3 Ways to Separate Work From Personal on Your Mobile Device

3 Ways to Separate Work From Personal on Your Mobile Device

Do you use your mobile device for business and personal reasons? If so, you’re not alone. The majority of professionals are working in busy, fast-paced environments and multitasking between personal and business is inevitable. Whether you’re snapping pictures at a work-related event, shopping for your home or capturing notes during a meeting, using mobile devices for double duty can not only put you at risk for company monitoring but also leave you open to security and privacy threats.

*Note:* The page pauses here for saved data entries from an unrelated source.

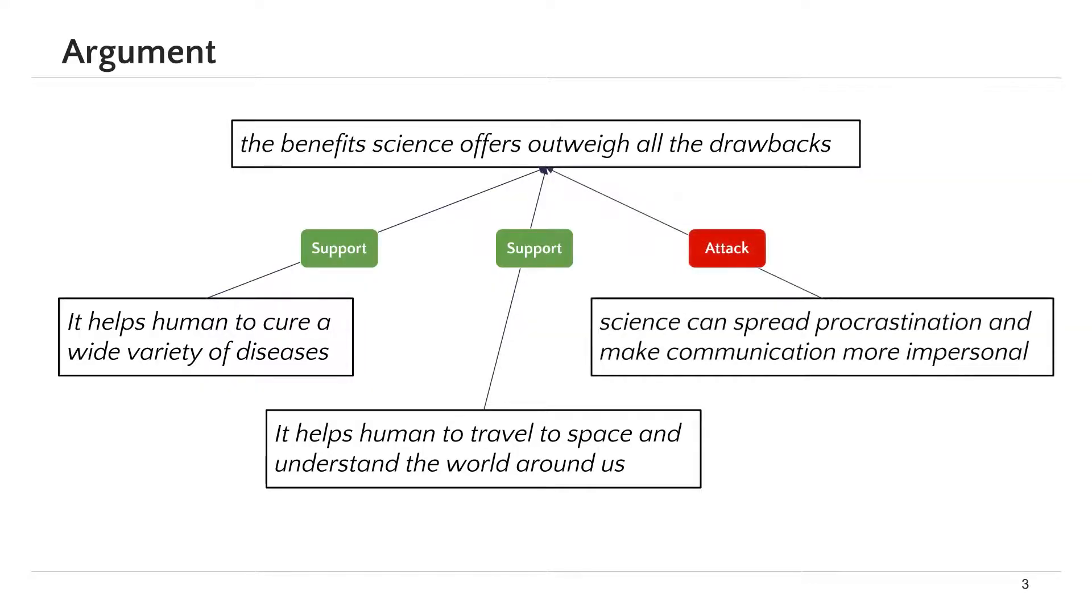The claim can also be attacked, for example, by stating that science can spread procrastination and make communication more impersonal.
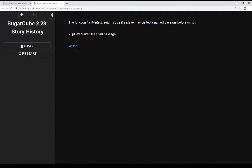So we see here the first test — we have visited the start passage. I'll look at the code momentarily when we get through this, but hasVisited gives us a chance to check, looking at the story history, if a player has visited a certain passage or not.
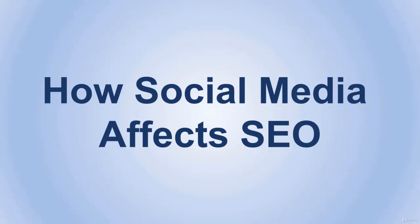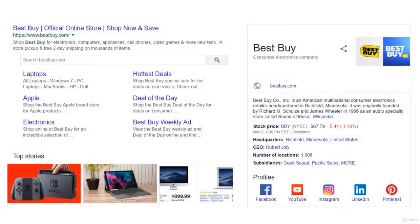First, social media gives you more visibility and traffic. Here's our proof: go ahead and Google any business or company name. The first thing you will get is their website, of course, but next to their website you'll find all the social profiles of that company. As a user, you're going to see which social platform you're most comfortable with and check the company through it, whether it's a Facebook page or a YouTube channel.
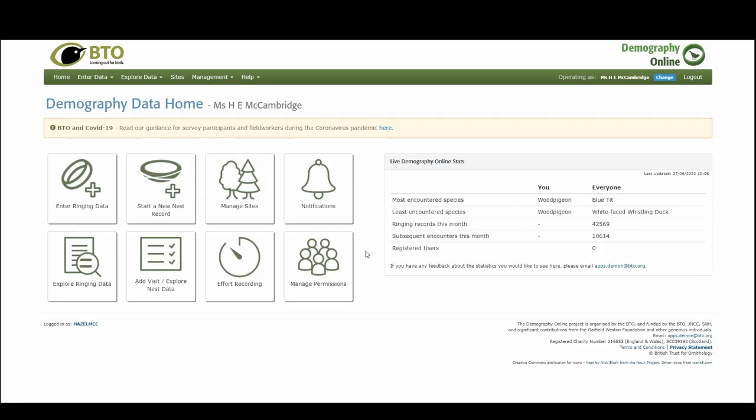Let's have a look at creating our patch where we're going out and looking for nests and then adding details of a blackbird nest that we find in our patch.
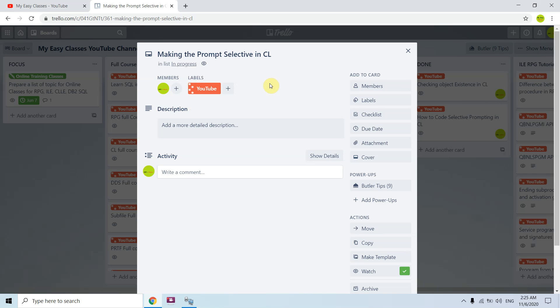Welcome back to this channel. In this video session I will discuss making the prompt selective in CL. In my previous video I discussed how we can code the selective prompting in CL.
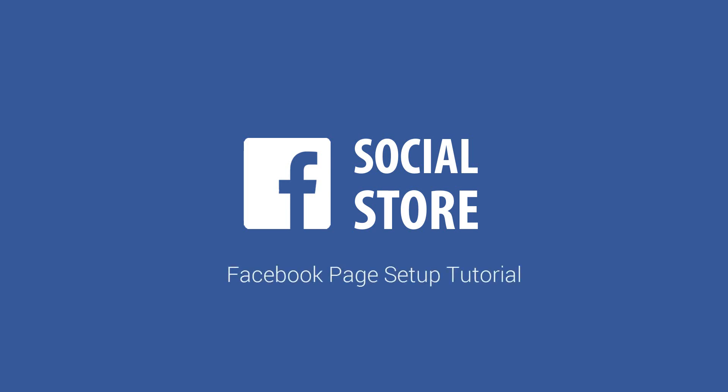Hi and welcome to our Facebook page setup tutorial. In the following tutorial I'll show you how you can create a Facebook page that you can add your eBay social store to.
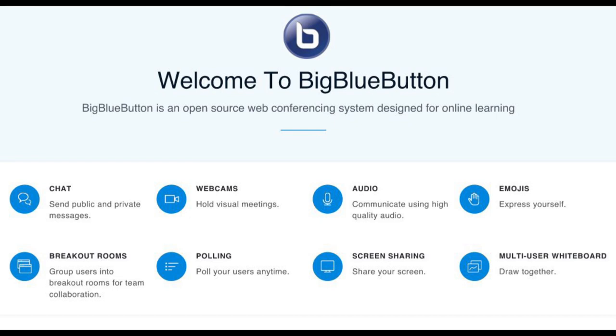Today we're going to look at using BigBlueButton in Canvas and then we're going to look at some of the key features of BigBlueButton. This tutorial should tell you everything you need to know to use BigBlueButton in your courses. Let's get started.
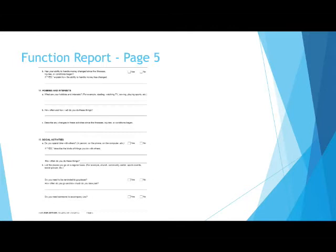Number 18, hobbies and interests. Try to list something. Social Security is not supposed to hold it against you if you have any hobbies. Explain the symptoms and diagnoses that make these things harder. Explain any hobbies you can no longer do and why. How often and how well do you do these things?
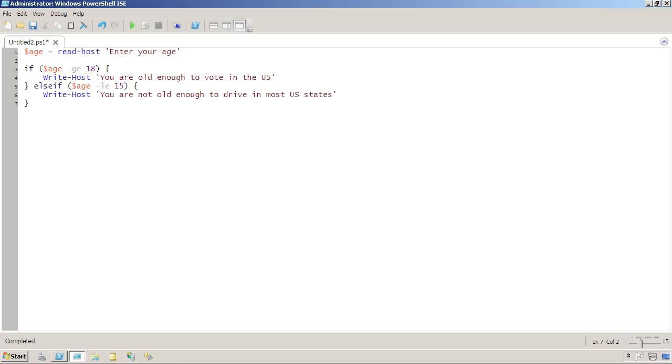The trick with this is only the first condition that's actually true will execute. So if the age is greater than or equal to 18, this will never be evaluated.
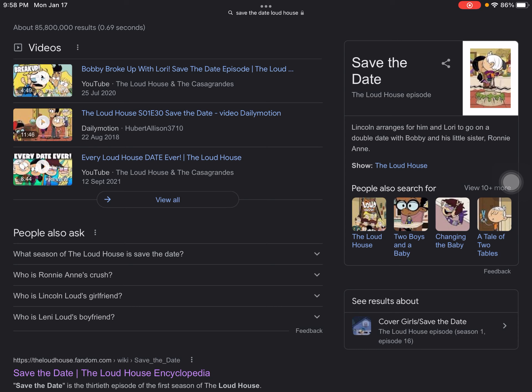The fourth reason why I dislike this episode is because the bullies peer pressured Lincoln to be mean to Ronnie Anne, which breaks my heart. The fifth reason is because both of them had to go on a double date. It wasn't Lincoln's fault, but the bullies' fault.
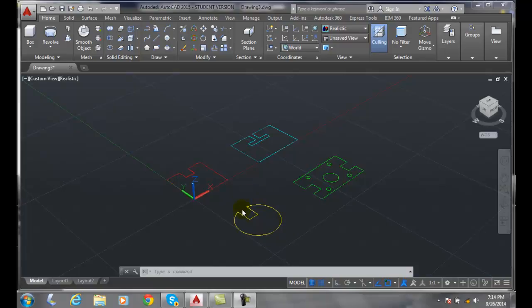Down here we have a keyway. This keyway we're going to have to create a region because it was created with 2D geometry using the trim command. If I extrude it right now the way it is, it'll become surfaces. So we'll turn it into a region and then when we extrude it, it'll come into a solid.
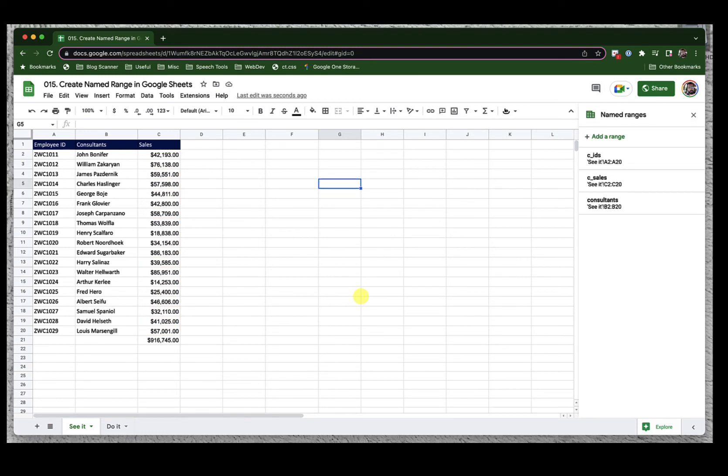There are other formulas where you can use these name ranges. As we explore more dimensions of Google Sheets, we will take a look at it. In the next episode, we will explore more dimensions of Google Sheets. Stay tuned.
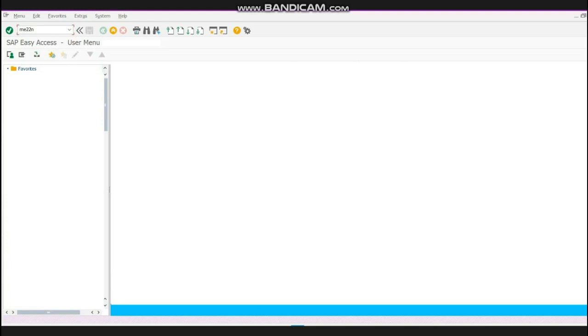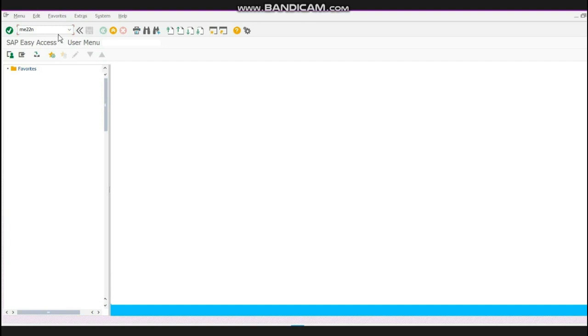Hello guys and welcome to my channel. In this video I am going to tell you a little thing. If you want to make any changes in your purchase order, this is the main screen of SAP. You will go over here and write ME22N and press enter.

And, if your company encourages, “Bring Your Own Device” or  BYOD where you can use your own mobile phone or tablet for work, the company may have the right to remotely wipe your device when you leave the company. So, if you’re using your phone to take personal pictures you may be at risk of losing precious moments. According to the Wall Street Journal, an unexpected consequence has arisen for workers who have seen their devices wiped clean–remotely and with little or no advance warning–during or after employment, by firms looking to secure their data. A 2013 survey by data protection firm Acronis Inc., reported twenty-one percent of companies perform remote wipes when an employee quits or is terminated.

Here are some tips to keep in mind:

  1. Back up your data – Make sure your personal data, such as contacts, pictures, music and videos are backed up at a separate site such as Dropbox or Crashplan.
  2. Download an app to separate work and personal life – Use an app, such as Divide to turn your regular mobile device into two devices and separate business and personal data. With Divide, IT gets the security and controls it needs, including government-grade encryption to protect all business apps and data. Employees enjoy privacy on their personal device as well as a suite of professional-grade business apps to get work done on the go.
  3. Purchase a second phone — Considering companies have the ability to access nearly all information on a company-issued device in the U.S, many people are using a second mobile device to keep their data private. Although a second mobile device may seem cumbersome for some people, for others it helps them keep focused (because they’re not receiving work emails during time-off), and it alleviates the concern about “Big Brother” watching.

Regardless if you decided to use one or two mobile devices, make sure you take precautions to protect your data. PC World reports, one of the easiest things you can do to protect an Android or iOS device is to take advantage of built-in hardware encryption. This feature will turn the data on your phone into nearly unreadable junk–unless it’s properly unlocked with your password.